#### Exercise instructions:
Restate the data below word for word, omitting pictures.

:: Collected material ::

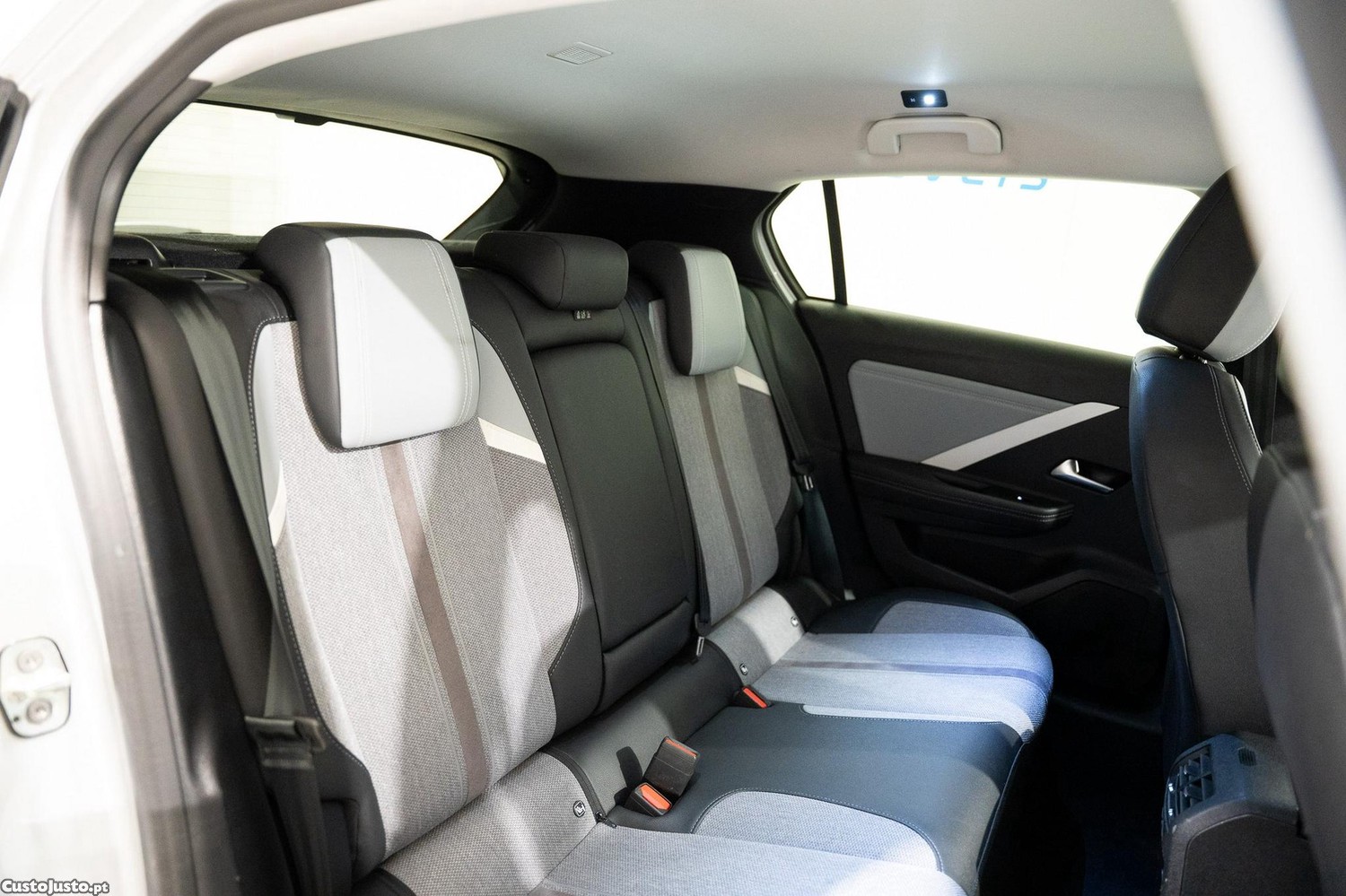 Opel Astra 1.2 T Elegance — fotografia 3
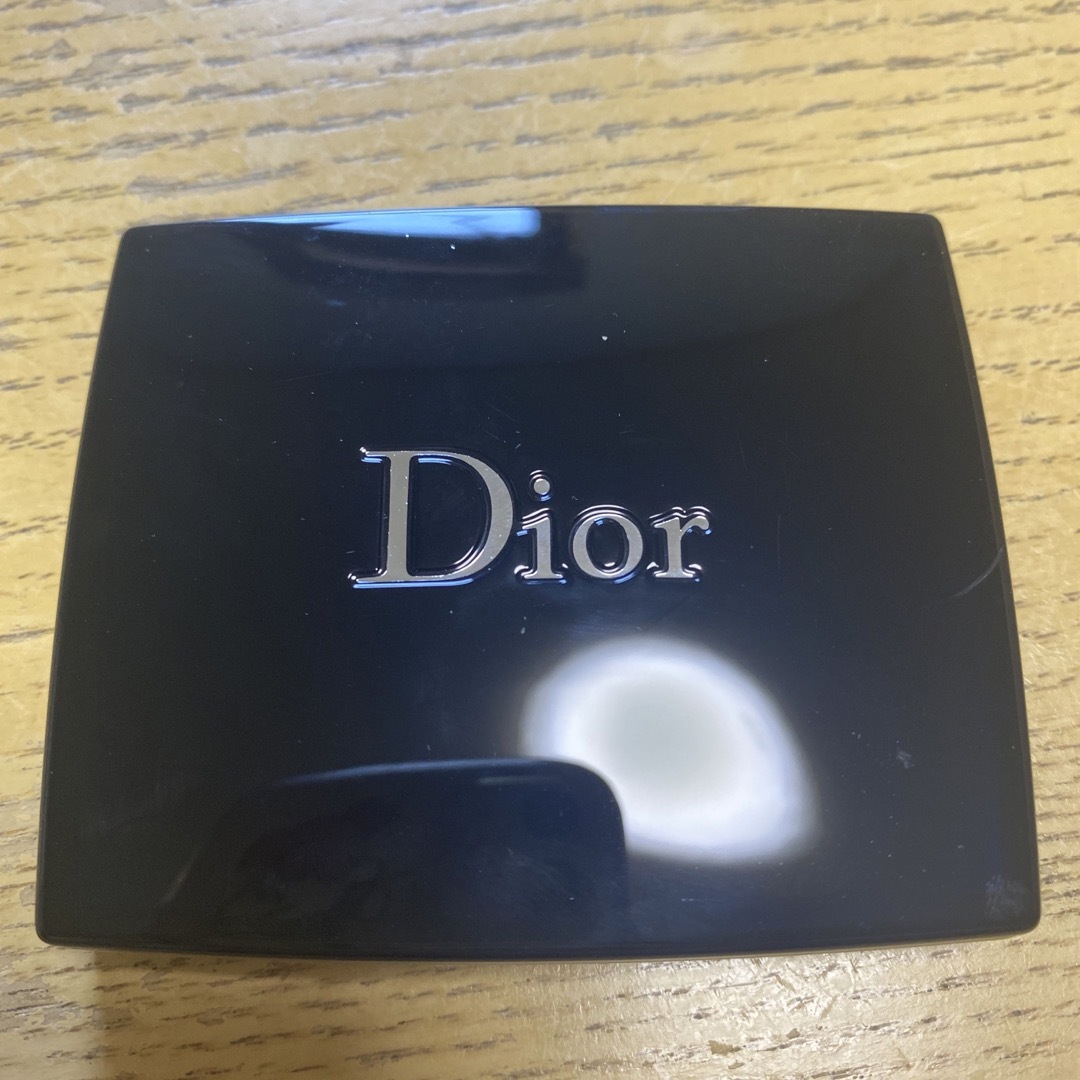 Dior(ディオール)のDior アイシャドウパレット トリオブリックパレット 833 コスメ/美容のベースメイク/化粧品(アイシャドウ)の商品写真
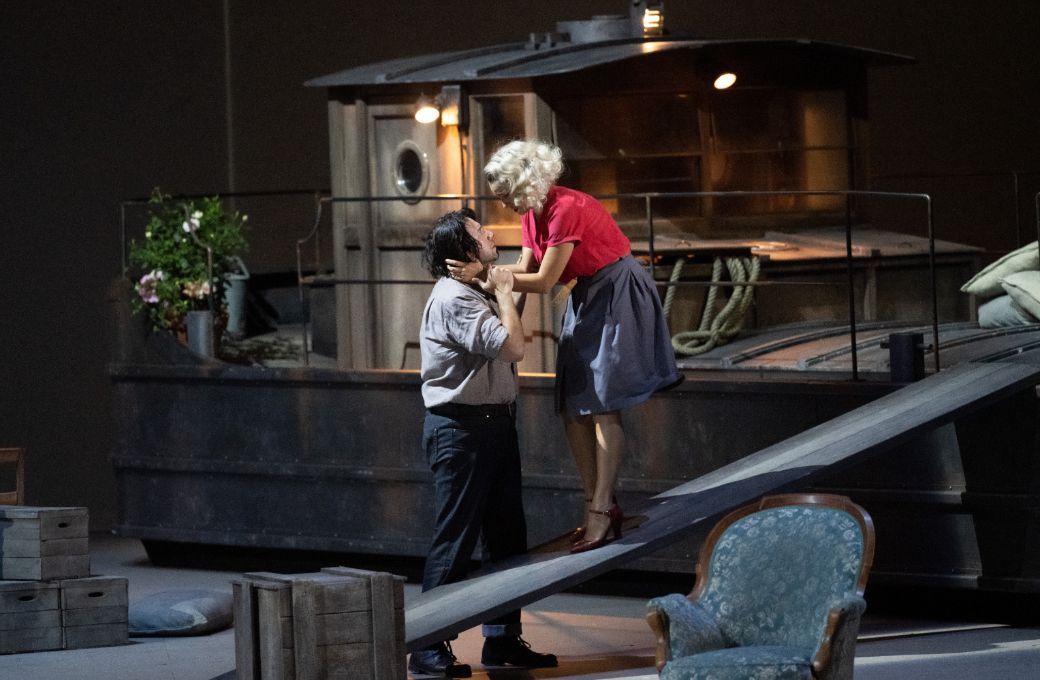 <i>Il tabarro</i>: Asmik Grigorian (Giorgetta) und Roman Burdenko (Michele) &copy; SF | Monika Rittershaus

:::

#### Expected output:
 Opel Astra 1.2 T Elegance — fotografia 3
 Dior(ディオール)のDior アイシャドウパレット トリオブリックパレット 833 コスメ/美容のベースメイク/化粧品(アイシャドウ)の商品写真
 <i>Il tabarro</i>: Asmik Grigorian (Giorgetta) und Roman Burdenko (Michele) &copy; SF | Monika Rittershaus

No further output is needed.